Dec 06
2013

Contesting Patriarchy in Rural Tajikistan: Hidden Transcripts and Sharm

During another life, famed Financial Times journalist and author of Fools Gold Gillian Tett wrote her PhD on gender relations in Tajikistan. As part of her research she spent a year living in a Tajik village during the late Soviet period.  In a fascinating paper entitled “Guardians of the Faith? Gender and Religion in an (ex) Soviet Tajik Village,” Tett argues that rural women were more pious than men due to their fear of the “shame” (Taj.: sharm) associated with “atheistic” behaviour.  Villagers juxtaposed the ideal Tajik woman: demure, religious, veiled, with the Russified “other:” sexually free, shameless and unveiled.

Recently I read Tett’s article for the first time and many of her observations still ring true in rural Tajikistan.  During the summer I spent a month living in Vanj, a district some three hundred miles from Dushanbe. Living with a local family, I made many similar observations to those of Tett. The concept of sharm still regulates the behaviour of rural women in Tajikistan. Tajik society expects that women dress traditionally, marry early and serve men.

Informal community leaders, including religious ones, play a key role in this process of normalisation of patriarchy. In early September I was driving to the Rasht Valley, an area which the government and media have framed as one of the most religious in Tajikistan. The taxi driver played a taped sermon from the imam of Kulob. The imam spoke in melodic, adabi or literary Tajik. He told a story about a man who worked in a bazaar. One day he had to run an errand and left his wife to look after his stall. When he came back he could see his wife talking with another man. He was touching her. He challenged her and she denied any wrong doing. He could see, however, that she was lying and divorced her with the seta talaq (three talaqs: the Arabic for repudiation).

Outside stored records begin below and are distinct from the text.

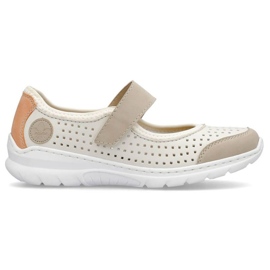 Chaussures ajourées confortables Rieker W RKR575A, beige 17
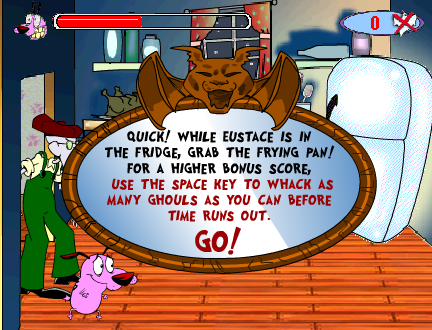 Hallway of Horrors, Starring Courage (Browser) screenshot: Instructions for the Whack a mole bonus game.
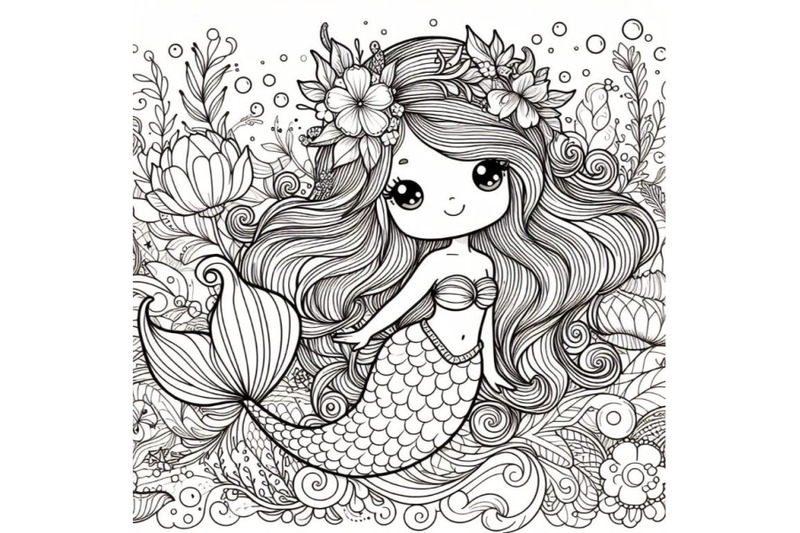 4-line-art-beautiful-mermaid-girl-with-long-hair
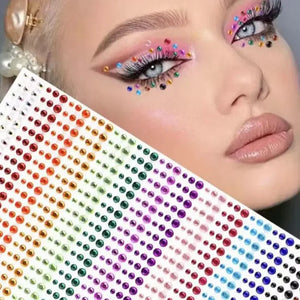 Makeup Diamond Stickers Colorful Sparkling 3D Jewelry Pearls Sticker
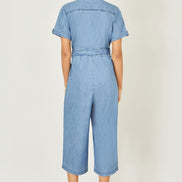 Yumi Blue Chambray Light Denim Button Jumpsuit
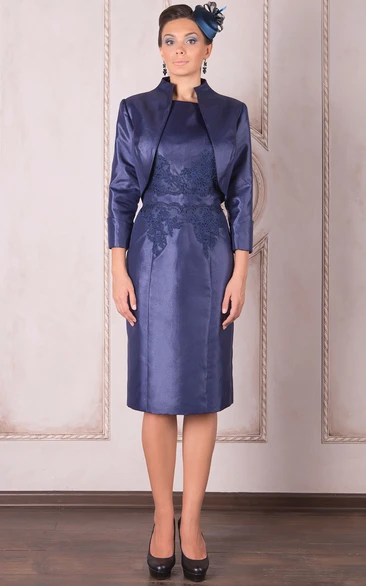 Long Sleeve Satin Knee-Length Mother Of The Bride Dress with Applique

The moral of the story, according to the imam, was that women should sit at home. This was their natural place and accommodated their natural role of housekeeping and child-rearing.  In the narrative, the imam framed women as naturally tempted into sexual deviance and thus in need of regulation.  It is every man’s duty therefore to ensure that his wife maintains her sharm by obediently sitting at home and obeying his command. The taxi driver told me that the imam was correct and scornfully spoke of the “westernised” (Rus: zapadnii) women of Dushanbe who had deviated from Tajik traditions.

During my time in the village I spent the majority of time with the women. Although most women do not openly contest patriarchal domination, I observed what anthropologist James C. Scott described as “hidden transcripts,” secret discourses that represents a critique of power spoken behind the backs of the dominant. Despite initially helping the men in building a new house, my ineptitude led to my being labelled a batchai shahr (a city boy). As such I was “relegated” to domestic duties, much to the amusement of my hosts. Soon I was preparing food with the women, picking fruit and washing clothes. Although the men ridiculed me for being “feminine” (zandona), the women said that they were impressed by my hard work, contrasting me with the “lazy” (tanbal) Tajik men. It was in these private conversations in feminised and domestic spaces, away from the prying ears of Tajik men, that women contest patriarchy.